Warm Stone Studio Logo
Nashua Telegraph Photo of Warm Stone Pottery Studio

Photo courtesy The Telegraph, Nashua, N.H., all rights reserved

Warm Stone Studio is housed in a building rich in history. During the Industrial Revolution, the Picker Building was brimming with the activities of a new textile industry. It was where cotton went to be "picked" clean before being spun into thread and woven into material. The women of Warm Stone Studio have always felt a strong connection to the many women who worked so hard in these rooms so many years ago.

Earlier this year, the Nashua Telegraph also took an interest in the Picker Building's history and the many artists, including Warm Stone Studio, that were giving it new life. The following article was published in the Telegraph on January 3, 2005.

Artistic vision
Artists shape rebirth of Nashua's Picker Building

Author: ANDREW NELSON

Nashua Telegraph Photo of the owners of Warm Stone Pottery Studio

Photo courtesy The Telegraph, Nashua, N.H., all rights reserved

The red brick building sits in the shadow of a towering smokestack, with white lettering running its length that announces, "MILLYARD." The Nashua River runs behind the building, as the water cuts through downtown Nashua. Wide wood-planked circular stairs carry visitors through the Civil War-era structure. A distinctive smell on the staircase hints at the years gone by.

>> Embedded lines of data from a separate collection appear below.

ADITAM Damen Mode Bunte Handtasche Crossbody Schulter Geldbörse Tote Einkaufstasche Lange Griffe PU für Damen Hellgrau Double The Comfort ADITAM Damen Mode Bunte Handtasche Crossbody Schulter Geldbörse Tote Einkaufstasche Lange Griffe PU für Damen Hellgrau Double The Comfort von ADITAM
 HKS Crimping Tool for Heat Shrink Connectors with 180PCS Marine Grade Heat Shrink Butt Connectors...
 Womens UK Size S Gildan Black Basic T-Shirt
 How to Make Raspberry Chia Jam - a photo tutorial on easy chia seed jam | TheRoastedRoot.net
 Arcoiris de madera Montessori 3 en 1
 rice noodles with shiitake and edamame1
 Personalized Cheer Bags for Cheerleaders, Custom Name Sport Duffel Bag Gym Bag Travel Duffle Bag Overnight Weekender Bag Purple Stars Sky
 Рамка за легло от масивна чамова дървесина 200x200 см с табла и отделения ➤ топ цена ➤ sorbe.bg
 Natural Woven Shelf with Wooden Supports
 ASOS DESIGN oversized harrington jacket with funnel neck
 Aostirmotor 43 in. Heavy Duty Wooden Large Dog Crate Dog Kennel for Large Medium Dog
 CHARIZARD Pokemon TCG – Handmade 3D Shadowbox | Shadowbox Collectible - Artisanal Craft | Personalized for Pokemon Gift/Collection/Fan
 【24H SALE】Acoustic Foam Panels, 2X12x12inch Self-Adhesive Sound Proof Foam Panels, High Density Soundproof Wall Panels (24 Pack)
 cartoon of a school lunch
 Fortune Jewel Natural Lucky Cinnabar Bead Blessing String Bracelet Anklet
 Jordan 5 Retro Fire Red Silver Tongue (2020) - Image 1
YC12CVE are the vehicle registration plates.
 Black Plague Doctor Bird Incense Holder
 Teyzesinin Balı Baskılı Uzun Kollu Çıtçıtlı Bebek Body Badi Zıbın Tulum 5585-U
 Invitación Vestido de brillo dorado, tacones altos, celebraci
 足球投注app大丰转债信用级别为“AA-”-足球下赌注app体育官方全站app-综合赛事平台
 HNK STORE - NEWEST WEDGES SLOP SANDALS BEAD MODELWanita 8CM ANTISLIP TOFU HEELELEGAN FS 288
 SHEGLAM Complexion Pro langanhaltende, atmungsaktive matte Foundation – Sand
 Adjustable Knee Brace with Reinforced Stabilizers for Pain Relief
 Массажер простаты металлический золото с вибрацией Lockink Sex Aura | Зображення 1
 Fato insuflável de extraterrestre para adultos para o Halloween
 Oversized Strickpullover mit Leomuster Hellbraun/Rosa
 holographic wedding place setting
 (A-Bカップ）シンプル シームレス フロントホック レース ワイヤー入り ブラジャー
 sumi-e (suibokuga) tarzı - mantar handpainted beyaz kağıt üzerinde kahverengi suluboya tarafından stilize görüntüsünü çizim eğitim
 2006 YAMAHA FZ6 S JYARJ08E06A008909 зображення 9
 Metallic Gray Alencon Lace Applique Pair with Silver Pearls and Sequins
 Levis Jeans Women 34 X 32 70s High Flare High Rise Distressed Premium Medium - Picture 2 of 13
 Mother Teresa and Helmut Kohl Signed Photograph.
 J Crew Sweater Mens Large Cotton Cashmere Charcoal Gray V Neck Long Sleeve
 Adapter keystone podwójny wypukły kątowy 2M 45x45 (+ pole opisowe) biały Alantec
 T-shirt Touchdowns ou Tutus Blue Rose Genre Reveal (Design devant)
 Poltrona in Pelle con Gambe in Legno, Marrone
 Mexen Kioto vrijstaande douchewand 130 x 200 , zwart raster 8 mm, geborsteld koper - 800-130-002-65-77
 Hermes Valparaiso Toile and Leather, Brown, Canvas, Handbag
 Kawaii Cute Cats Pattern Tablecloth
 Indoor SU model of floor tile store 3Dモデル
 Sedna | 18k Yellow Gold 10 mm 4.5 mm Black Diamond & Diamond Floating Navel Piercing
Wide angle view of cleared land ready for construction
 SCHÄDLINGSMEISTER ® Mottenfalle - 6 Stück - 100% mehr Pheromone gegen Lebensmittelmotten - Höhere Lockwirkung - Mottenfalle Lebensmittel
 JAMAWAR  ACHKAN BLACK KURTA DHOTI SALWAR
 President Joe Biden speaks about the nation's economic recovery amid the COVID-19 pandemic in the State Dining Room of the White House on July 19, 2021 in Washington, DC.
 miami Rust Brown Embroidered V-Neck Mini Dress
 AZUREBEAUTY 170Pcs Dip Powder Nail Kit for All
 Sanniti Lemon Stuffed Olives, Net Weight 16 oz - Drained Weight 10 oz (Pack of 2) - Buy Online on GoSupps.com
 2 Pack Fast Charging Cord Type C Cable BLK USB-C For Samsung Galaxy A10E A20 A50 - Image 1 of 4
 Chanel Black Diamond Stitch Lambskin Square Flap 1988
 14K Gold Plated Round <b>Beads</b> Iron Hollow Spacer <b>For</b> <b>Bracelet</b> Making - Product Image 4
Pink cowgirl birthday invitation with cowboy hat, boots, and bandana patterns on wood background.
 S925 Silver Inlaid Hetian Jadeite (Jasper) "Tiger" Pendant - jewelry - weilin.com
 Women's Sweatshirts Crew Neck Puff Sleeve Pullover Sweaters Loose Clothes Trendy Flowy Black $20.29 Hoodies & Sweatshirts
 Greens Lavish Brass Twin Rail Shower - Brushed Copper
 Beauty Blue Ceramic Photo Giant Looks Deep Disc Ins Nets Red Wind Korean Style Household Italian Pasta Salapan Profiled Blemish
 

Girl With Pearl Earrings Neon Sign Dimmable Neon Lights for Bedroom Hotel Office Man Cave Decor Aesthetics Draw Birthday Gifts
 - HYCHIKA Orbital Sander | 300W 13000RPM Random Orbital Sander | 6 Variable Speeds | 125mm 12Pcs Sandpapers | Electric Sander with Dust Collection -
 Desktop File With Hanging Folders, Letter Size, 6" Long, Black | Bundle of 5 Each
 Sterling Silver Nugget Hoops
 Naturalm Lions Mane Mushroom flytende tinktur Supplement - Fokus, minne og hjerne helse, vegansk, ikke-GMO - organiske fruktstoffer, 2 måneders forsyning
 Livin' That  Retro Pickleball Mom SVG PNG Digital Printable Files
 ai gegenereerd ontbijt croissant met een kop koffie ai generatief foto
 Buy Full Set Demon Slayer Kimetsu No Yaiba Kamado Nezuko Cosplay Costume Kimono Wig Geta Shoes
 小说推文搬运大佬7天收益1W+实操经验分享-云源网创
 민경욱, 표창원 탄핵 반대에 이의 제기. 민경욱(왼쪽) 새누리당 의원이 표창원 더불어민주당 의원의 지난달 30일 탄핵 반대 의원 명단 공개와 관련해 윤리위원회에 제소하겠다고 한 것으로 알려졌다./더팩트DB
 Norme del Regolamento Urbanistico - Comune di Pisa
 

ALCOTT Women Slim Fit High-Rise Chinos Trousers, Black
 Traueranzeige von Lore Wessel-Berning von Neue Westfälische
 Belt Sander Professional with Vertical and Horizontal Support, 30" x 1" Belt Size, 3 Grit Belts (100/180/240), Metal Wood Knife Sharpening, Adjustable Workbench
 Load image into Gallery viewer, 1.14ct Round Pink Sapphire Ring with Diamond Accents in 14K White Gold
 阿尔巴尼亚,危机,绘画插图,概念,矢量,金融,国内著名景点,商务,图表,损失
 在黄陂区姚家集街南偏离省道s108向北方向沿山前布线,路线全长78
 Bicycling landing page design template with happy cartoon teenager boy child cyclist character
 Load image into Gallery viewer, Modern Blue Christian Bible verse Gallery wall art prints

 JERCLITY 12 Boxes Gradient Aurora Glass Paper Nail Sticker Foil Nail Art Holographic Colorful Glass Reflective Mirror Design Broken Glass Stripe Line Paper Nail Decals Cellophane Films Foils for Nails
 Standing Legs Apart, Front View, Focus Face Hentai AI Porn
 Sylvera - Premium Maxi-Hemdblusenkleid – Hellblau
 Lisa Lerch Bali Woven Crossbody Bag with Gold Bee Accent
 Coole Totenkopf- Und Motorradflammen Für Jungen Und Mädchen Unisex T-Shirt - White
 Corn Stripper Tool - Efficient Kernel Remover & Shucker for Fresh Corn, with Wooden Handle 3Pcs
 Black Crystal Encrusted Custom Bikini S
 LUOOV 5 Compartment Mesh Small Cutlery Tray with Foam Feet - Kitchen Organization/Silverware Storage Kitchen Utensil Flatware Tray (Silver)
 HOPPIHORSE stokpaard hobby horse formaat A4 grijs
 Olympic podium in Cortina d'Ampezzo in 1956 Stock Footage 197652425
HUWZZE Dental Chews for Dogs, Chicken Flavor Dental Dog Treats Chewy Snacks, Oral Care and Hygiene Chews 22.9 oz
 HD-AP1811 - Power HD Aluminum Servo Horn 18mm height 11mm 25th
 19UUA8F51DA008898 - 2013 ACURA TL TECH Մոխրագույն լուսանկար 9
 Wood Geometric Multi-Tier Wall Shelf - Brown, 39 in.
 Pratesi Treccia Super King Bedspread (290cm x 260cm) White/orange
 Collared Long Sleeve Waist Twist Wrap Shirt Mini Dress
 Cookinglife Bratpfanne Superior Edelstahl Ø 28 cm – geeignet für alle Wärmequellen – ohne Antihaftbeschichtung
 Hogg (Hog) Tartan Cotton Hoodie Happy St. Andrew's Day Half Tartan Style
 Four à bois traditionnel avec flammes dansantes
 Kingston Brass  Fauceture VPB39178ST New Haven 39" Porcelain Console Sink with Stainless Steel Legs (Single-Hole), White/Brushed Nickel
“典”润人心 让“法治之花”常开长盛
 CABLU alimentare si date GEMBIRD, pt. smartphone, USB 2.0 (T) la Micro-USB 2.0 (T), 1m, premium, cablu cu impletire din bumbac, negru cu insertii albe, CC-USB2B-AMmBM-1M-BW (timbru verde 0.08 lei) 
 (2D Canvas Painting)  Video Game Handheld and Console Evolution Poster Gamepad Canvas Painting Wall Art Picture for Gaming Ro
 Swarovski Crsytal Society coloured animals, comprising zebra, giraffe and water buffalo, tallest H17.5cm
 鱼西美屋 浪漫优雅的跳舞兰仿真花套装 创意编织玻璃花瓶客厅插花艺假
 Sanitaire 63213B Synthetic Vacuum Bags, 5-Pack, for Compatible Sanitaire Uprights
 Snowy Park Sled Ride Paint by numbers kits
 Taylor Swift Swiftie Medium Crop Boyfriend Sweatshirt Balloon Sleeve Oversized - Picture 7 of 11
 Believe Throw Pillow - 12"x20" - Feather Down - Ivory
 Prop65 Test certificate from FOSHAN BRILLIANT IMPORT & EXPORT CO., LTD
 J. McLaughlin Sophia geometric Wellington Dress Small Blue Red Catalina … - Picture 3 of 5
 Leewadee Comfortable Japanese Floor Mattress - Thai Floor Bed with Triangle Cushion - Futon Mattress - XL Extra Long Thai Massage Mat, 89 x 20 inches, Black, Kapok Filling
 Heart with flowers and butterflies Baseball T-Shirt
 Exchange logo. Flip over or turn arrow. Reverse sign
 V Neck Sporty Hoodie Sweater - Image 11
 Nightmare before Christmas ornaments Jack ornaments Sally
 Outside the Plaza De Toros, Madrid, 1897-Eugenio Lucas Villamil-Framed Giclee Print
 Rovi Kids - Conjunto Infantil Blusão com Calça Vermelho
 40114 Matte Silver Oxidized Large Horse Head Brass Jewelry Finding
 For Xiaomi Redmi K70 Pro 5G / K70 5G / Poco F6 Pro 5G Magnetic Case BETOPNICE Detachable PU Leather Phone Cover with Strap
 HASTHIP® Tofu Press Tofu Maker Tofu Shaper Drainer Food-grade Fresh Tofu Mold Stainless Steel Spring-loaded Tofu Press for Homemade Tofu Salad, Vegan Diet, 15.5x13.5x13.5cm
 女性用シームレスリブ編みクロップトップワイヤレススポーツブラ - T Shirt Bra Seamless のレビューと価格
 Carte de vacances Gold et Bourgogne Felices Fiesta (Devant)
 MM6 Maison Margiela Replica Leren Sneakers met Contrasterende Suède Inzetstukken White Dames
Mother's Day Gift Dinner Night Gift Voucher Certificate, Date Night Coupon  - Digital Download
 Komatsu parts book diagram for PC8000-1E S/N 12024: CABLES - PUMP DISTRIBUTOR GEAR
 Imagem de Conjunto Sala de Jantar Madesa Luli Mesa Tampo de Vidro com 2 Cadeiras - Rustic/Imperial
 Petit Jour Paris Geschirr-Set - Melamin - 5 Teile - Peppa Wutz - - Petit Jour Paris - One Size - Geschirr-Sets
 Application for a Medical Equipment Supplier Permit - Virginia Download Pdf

Inside the Picker Building, artists and artisans are opening studios carved out of former manufacturing space.

Rita Nichols arrived some six years ago, and her Warm Stone Studio was the first business for the creative set.

"I begged and pleaded," Nichols said recently about convincing the owner to let her move in. Nichols, 62, sat in a white wicker chair, and the studio's future owner, Leslie Maloof, sat in a stuffed wingback chair during a conversation last month. The two were sipping tea from mugs made in the studio.

A native of Indiana, Nichols worked in the hospitality business before opening the studio. It started with a small potter's wheel in a corner room. Requests came in from folks interested in turning wet clay into handcrafted pottery. There are now six wheels and a 2,000-square-foot studio.

"It is interesting to watch the joy emerge when (the students) can control an artistic medium," she said.

Nichols and her husband, Fred, are ending a conversation that lasted three years and moving to 26 acres in western Pennsylvania, to retire, open another pottery studio and maybe a retail store.

As she leaves Warm Stone Studio behind, Nichols is credited with being the first presence in what has become a budding art colony in the building.

"It's such a little secret kind of place," said Kris Maffee, of Out on a Limb Pottery, a tenant of three years.

The building was built between 1861 and 1865 as part of the Nashua Manufacturing Co. empire. It gets its name - the Picker Building - from its role in the textile process back in the millyard's heyday.

Workers in the building picked seeds and debris from cotton bales before the bales were dispatched to other parts of the industrial plant.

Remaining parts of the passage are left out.